Paper Monitor
A service highlighting the riches of the daily press.
This Paper Monitor will be free of the e-word.
It used to be diverting to feature on these pages the words of wisdom uttered by the page three "stunnas" in the popular "News in Briefs" section.
But the Sun has now taken it too far by consciously taking the mickey, with its beauty outlining the three basic laws of economics.
Today Hollie, 22, from Manchester, says: "As guru Adam Smith wrote in his seminal The Wealth of Nations, they are: a free economy, free marketing and laissez-faire government."
Boooooo.
Elsewhere in the Sun, there is something amusing.
"Fury as 4ft penis grabbed by police".
A wise old sage once told Paper Monitor that some stories just write themselves and you shouldn't interfere too much.
A garden centre boss had a 4ft stone penis statue seized by police after displaying it in a shop window.

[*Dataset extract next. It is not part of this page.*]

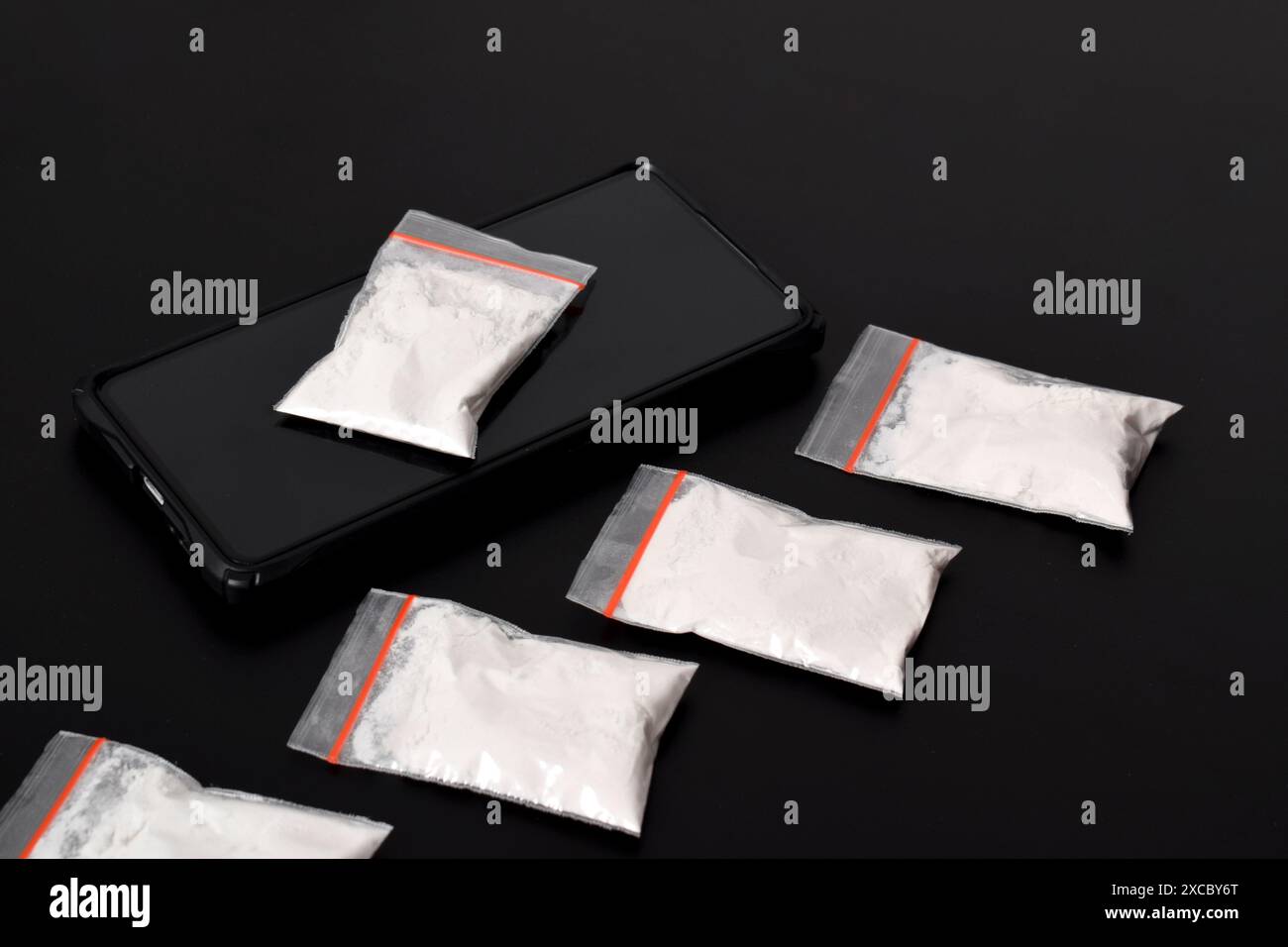 Cocaina in una confezione di plastica su uno smartphone isolato su sfondo nero. Illustrazione di sostanze stupefacenti illegali, narcotici Foto Stock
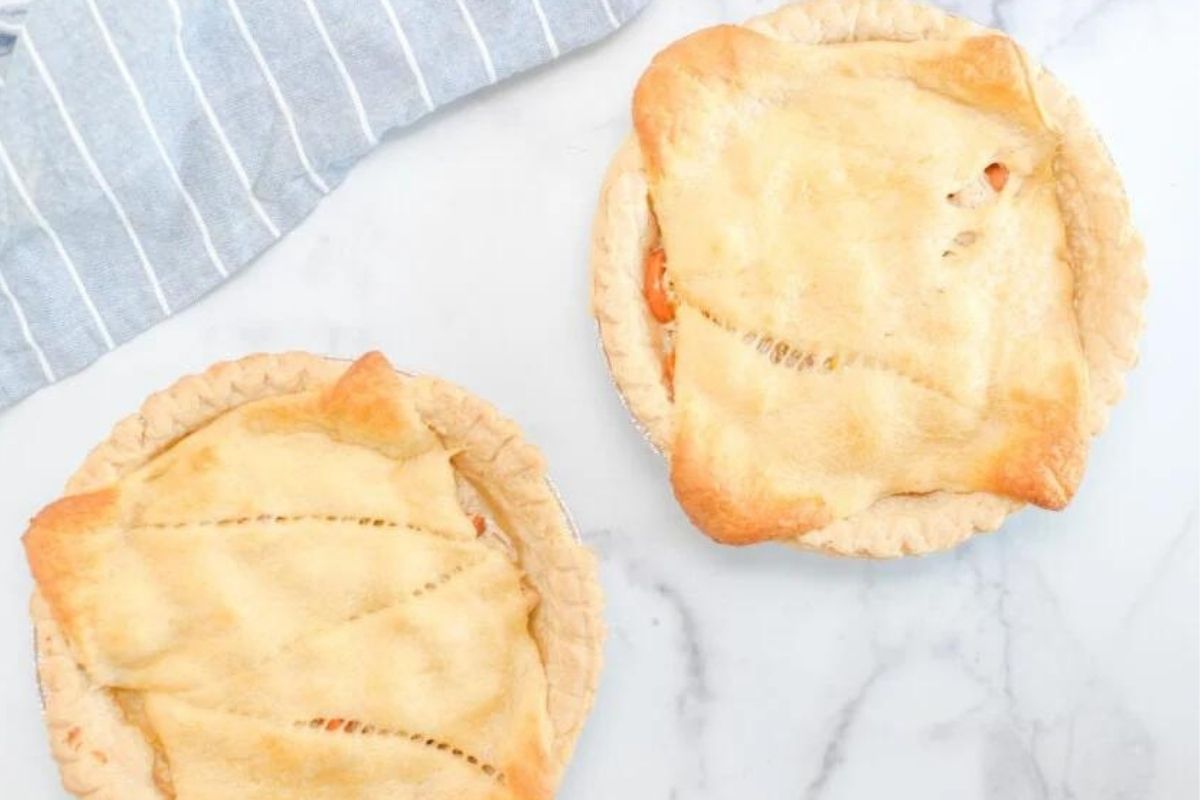 Two freshly baked, golden chicken pies on a marble countertop.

It was apparently a work of art from Indonesia.
The man refuses to pay the fine and has started a "Free Willy" campaign.
So we go from tabloid good to tabloid bad.
Never mind "Broken Britain" are the nation's punning sport headlines in terminal decline.
The Daily Mirror has "DREAM IN ROOINS" on the front after Manchester United were knocked out of the Champions League. Wayne Rooney may have also re-injured himself.
It's "ROOINED" in the Daily Star.
But Paper Monitor noted the Mirror giving this pun an outing a week ago when Rooney was first injured.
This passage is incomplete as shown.